SA-CCR may need more fundamental fixes

Quants propose tweaks to improve Basel counterparty credit risk framework

Quants propose tweaks to improve Basel counterparty credit risk framework

The standardised approach to counterparty credit risk regulation, dubbed SA-CCR, was finalised by the Basel Committee on Banking Supervision in 2014. So far, only a handful of jurisdictions have adopted it – this excludes the UK, US and Europe.

The main reason behind the delay seems to be that the regulation is riddled with inconsistencies, which would then feed through into many other Basel regulatory frameworks that use SA-CCR exposures as an input.

In Revisiting SA-CCR, published today on Risk.net, Mourad Berrahoui, head of counterparty credit risk modelling at Lloyds Banking Group, Othmane Islah, head of quantitative research at Quantuply and a senior consultant for capital and margin valuation adjustments at Lloyds Banking Group, and Chris Kenyon, head of derivatives valuation adjustment quant modelling at MUFG Securities EMEA in London, highlight some of these issues and propose ways to improve the framework.

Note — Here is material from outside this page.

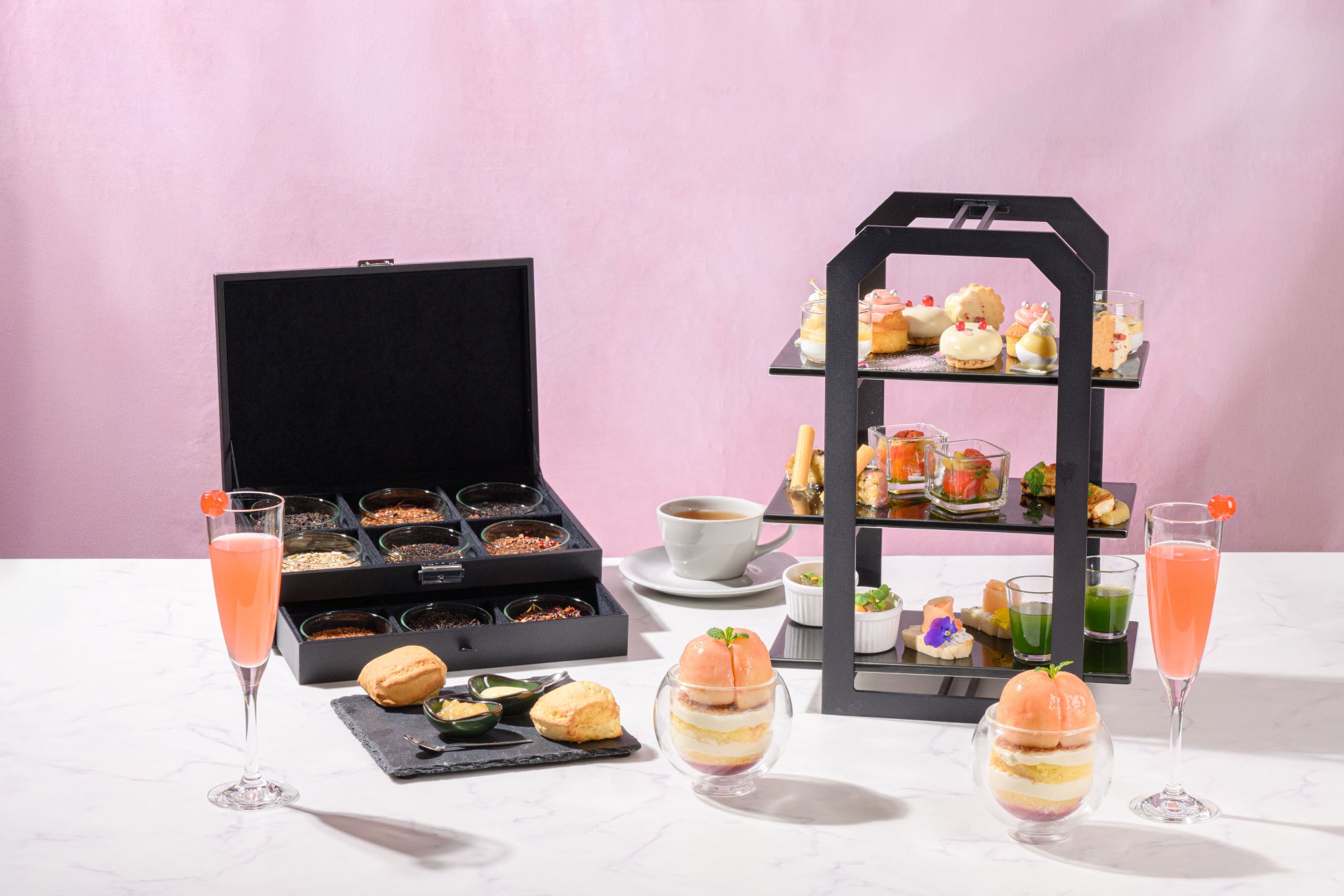 桃を丸ごと1玉あしらったパフェと味わうアフタヌーンティー。バニラ、アールグレイ、トンカ豆が彩る、香と音と味の三景／ザ ロイヤルパークホテル アイコニック 大阪御堂筋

SA-CCR is essentially a standardised way of calculating the exposure at default (EAD) of a counterparty to a trade, which is given by a scaled sum of the replacement cost of the derivative and the potential future exposure (PFE) add-on, which covers adverse moves in the future.

The SA-CCR is meant to replace the current exposure method and the standardised method, both of which were criticised for failing to treat margined and non-margined trades differently.

More sophisticated banks could also use their own modelled approach to compute the EAD, but the importance of SA-CCR stems from the fact that it could be an input to other regulations such as the leverage ratio and the net stable funding ratio.

Given the widespread impact of the SA-CCR, the board of governors of the Federal Reserve System, the Federal Deposit Insurance Corporation and the Office of the Comptroller of the Currency  invited public comments on the framework in December 2018.

The quants’ paper, a version of which was submitted as part of the public consultation, flags three issues that highlight the ineffectiveness of SA-CCR in capturing risk appropriately.

We are deriving from the current standard itself to say how well the SA-CCR or our revisit performs relative to the ideal. So this gives us a standard to measure ourselves against
Chris Kenyon, MUFG Securities

The first one is that, for linear trades such as swaps, economically equivalent positions can have different PFE add-ons.

“For example, if you have a 10-year swap, or a five-year swap and a forward-starting five-year swap, you don’t get the same capital for the two alternatives,” says MUFG’s Kenyon.

Risk sensitivity is another issue with the framework, as the same inconsistency applies to positions that are economically zero – in other words, positions that net to zero risk because the cashflows are equal and opposite. Such positions can get “material” add-ons, says Kenyon.

The framework is also not sensitive to moneyness of the derivative, or the price of the underlying relative to the strike price. In reality, however, the moneyness level can change the risk profile of trades, for example, if the general level of rates change.

To fix these issues the quants propose a cashflow decomposition method to break down various linear trades into their cashflows and then apply the SA-CCR add-ons based on those cashflows instead. The quants apply the commonly used Itô’s Lemma model to identify the sources of volatility of the cashflows, which then gives the effective notional of the trade, which signifies the risk of a cashflow. This is in turn used as an input into the SA-CCR formula that then computes the PFE add-on. 

Doing it this way ensures consistent treatment across equivalent positions, ie, those with similar cashflows. The decomposition method already exists under the current SA-CCR framework for non-linear trades. The quants expand this to apply it to linear trades as well, where most of the inconsistencies exist.

The quants say the resulting model is to be used as a way to compare and study the issues with the SA-CCR, which can in turn help improve it.

“We are deriving from the current standard itself to say how well the SA-CCR or our revisit performs relative to the ideal. So this gives us a standard to measure ourselves against,” says Kenyon. “Since we are trying get rid of some problems in the standard we know where to look.”

Numerical studies carried out by the quants show that if one looks at swaps with varying moneyness, for instance,  the range of SA-CCR accuracy is –19% to +37%, whereas their revision is within a few per cent across the different degrees of moneyness. The quants compare both against an exposure simulation identified from the SA-CCR framework itself to measure the accuracy.

The most publicised issue with the SA-CCR so far is its inability to provide a reasonable amount of offset for margined trades. In an industry study carried out in 2017 it was found that in some instances, banks’ counterparties would have to post 10 times more margin versus the internal modelling method to get an almost full offset.

However, the issues highlighted in the paper are even more fundamental and show the regulation needs a much closer look when being translated into legislation in various jurisdictions. Whether US regulators, who have asked for public feedback on the rules, will be open to a material tweak is unclear. But the evidence suggests they may have to at least consider it.